╔══

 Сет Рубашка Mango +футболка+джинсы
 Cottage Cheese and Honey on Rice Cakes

╚══
╔══

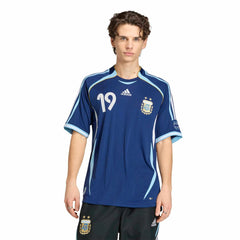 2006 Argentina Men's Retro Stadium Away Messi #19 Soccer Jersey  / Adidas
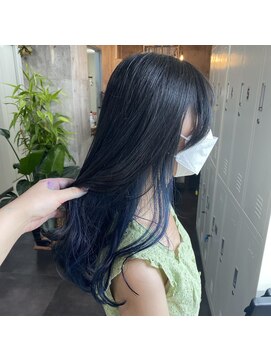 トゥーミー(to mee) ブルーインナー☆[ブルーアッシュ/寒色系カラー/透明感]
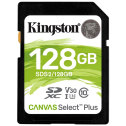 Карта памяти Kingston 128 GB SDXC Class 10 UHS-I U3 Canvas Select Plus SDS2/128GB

╚══

## PROBLEM TO SOLVE
Out of the data above, give again only the lines starting at the one holding "Сет Рубашка Mango +футболка+джинсы" and ending at the one holding "Cottage Cheese and Honey on Rice Cakes", unchanged.

## SOLUTION FOR THIS EXERCISE
 Сет Рубашка Mango +футболка+джинсы
 Cottage Cheese and Honey on Rice Cakes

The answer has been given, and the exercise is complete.